Use a full ground and power plane. Bypass caps are limited by inductance, which is mostly determined by package size, traces, and vias. So pick the smallest package size that you can work with, then go for the largest capacitance that doesn't break your budget. If you need more bypassing, go up a package size or two and get the biggest capacitance in that package. When connecting the cap to the ground/power planes, use two vias on either side of each pad; vias + cap will look kinda like an H.
Splitting the planes can help isolate the analog and digital sections. Never cross a split plane with a signal trace!!! Keep signals away from the edge of the board. Keep signals at least 2x trace width apart to prevent crosstalk (simulations are helpful here). Keep signals 5x trace width away from highly noisy signals (i.e. clocks) or extremely sensitive signals (i.e. analog inputs). Use grounded guard traces around noisy/sensitive signals if necessary. Avoid vias and stubs with noisy/sensitive signals.
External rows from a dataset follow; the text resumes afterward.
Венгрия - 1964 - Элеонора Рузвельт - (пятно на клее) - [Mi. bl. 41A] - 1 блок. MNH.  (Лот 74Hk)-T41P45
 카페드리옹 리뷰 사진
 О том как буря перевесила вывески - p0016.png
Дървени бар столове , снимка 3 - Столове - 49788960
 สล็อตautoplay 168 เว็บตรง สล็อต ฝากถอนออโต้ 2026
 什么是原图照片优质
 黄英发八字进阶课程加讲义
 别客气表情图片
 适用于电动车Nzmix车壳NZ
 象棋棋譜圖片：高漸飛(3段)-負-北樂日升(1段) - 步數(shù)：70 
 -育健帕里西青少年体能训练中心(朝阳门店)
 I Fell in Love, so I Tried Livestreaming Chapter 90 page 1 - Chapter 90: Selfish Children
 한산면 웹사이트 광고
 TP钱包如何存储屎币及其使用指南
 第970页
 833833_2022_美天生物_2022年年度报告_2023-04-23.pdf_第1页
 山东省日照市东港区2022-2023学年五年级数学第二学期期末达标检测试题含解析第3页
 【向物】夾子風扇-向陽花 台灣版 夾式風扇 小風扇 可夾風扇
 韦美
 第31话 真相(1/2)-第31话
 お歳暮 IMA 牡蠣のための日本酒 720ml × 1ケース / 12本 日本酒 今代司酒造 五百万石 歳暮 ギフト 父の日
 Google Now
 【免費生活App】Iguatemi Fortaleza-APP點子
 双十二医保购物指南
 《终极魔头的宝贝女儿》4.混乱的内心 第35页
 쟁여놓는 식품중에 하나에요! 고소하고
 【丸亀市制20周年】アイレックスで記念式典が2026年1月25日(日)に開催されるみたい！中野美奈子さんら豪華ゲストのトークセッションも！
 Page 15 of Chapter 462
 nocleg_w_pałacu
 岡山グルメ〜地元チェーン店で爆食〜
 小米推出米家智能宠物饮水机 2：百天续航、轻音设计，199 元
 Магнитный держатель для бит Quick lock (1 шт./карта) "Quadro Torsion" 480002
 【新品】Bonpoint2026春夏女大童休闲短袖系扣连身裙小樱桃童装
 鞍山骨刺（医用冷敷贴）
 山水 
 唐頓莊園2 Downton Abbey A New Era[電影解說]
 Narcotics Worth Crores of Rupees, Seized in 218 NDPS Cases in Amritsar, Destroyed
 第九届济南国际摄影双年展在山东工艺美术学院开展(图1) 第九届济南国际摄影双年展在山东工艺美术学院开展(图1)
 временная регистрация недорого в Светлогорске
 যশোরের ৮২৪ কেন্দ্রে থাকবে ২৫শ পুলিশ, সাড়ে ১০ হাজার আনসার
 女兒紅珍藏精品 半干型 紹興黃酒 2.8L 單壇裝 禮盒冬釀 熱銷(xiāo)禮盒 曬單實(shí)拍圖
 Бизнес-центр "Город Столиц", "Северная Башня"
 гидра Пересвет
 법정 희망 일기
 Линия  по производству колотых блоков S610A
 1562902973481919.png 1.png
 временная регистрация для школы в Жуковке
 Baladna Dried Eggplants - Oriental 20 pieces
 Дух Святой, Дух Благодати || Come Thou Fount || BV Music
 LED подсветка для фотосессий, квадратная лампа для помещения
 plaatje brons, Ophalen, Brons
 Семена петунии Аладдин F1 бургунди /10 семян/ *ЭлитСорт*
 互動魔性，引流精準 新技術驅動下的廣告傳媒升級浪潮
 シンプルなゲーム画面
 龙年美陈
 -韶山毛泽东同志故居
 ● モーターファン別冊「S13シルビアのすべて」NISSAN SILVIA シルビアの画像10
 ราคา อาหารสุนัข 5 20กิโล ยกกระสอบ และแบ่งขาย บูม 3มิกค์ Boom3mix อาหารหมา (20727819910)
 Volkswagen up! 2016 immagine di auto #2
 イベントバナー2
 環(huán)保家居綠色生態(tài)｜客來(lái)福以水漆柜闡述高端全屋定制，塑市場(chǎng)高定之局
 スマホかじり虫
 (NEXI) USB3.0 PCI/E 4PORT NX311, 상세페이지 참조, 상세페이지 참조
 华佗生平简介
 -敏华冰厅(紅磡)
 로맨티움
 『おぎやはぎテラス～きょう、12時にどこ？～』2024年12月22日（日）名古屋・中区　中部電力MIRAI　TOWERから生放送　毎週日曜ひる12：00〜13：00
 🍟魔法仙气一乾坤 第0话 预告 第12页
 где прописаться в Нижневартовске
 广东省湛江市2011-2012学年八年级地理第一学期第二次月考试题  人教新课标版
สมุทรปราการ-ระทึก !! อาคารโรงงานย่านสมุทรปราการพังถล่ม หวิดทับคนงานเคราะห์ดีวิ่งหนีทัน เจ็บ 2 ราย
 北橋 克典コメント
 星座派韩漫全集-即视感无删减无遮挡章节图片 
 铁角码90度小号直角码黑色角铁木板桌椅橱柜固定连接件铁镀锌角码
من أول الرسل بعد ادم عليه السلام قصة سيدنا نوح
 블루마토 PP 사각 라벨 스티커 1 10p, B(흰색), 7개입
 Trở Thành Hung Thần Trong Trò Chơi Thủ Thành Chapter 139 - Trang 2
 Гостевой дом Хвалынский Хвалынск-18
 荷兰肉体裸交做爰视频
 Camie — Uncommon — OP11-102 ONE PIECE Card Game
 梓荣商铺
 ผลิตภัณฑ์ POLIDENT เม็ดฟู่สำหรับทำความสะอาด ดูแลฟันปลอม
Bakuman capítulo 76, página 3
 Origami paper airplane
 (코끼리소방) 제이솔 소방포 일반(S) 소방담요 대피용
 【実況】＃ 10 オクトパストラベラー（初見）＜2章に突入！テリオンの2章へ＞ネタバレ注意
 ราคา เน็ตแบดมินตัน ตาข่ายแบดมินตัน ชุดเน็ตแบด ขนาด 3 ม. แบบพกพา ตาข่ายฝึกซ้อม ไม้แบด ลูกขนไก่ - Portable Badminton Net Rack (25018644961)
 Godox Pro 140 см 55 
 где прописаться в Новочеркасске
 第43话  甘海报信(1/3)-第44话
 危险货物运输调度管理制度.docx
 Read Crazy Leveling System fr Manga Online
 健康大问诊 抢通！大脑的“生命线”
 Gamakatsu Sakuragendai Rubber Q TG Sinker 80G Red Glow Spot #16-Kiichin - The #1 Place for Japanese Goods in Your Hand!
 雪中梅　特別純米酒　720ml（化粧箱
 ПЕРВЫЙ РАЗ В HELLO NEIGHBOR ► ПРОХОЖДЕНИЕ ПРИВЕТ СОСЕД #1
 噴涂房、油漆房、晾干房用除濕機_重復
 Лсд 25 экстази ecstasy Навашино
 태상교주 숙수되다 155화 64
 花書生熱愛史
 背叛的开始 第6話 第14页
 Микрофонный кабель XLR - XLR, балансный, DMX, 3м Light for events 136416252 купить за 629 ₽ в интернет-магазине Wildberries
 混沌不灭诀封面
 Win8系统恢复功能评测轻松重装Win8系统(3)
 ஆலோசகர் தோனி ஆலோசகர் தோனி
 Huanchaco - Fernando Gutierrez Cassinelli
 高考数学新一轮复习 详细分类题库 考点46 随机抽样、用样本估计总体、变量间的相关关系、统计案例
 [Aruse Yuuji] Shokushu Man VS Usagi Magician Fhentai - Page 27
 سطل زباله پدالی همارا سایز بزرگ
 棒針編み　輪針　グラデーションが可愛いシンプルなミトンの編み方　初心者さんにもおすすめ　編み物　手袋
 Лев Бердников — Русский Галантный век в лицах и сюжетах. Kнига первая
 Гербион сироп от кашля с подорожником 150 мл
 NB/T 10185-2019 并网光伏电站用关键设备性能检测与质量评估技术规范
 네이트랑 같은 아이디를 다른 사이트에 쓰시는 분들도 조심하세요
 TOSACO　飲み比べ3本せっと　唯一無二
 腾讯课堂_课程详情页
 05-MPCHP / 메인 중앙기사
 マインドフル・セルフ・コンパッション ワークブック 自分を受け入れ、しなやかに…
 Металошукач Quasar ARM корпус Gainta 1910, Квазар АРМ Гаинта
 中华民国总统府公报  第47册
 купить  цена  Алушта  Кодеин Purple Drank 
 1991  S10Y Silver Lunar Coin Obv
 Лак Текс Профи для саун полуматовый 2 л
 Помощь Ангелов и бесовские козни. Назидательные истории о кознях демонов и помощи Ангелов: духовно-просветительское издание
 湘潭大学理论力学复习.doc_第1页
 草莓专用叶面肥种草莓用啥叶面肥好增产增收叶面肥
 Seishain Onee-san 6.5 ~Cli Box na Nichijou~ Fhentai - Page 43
Ideally, provide one ground wire per signal in a connector. Terminate connector signals, because they like to spew EMI. Ferrite beads around the wire can help with connector noise, too. Keep signals from going underneath connectors.
The ground plane allows you to create microstrip traces, which have a well-defined impedance. You can also use termination resistors if your trace is long. I think the general rule of thumb is for every nS of rise time, you can go 2.5" without a termination resistor.
Use IBIS simulations to determine whether you need termination resistors. Modern FPGAs have nice tricks for this sort of thing; they can control their output driver strength, sometimes even with a "Digitally Controlled Impedance" (Xilinx term for the technology). IBIS simulations help here, too, when figuring out the appropriate drive strength.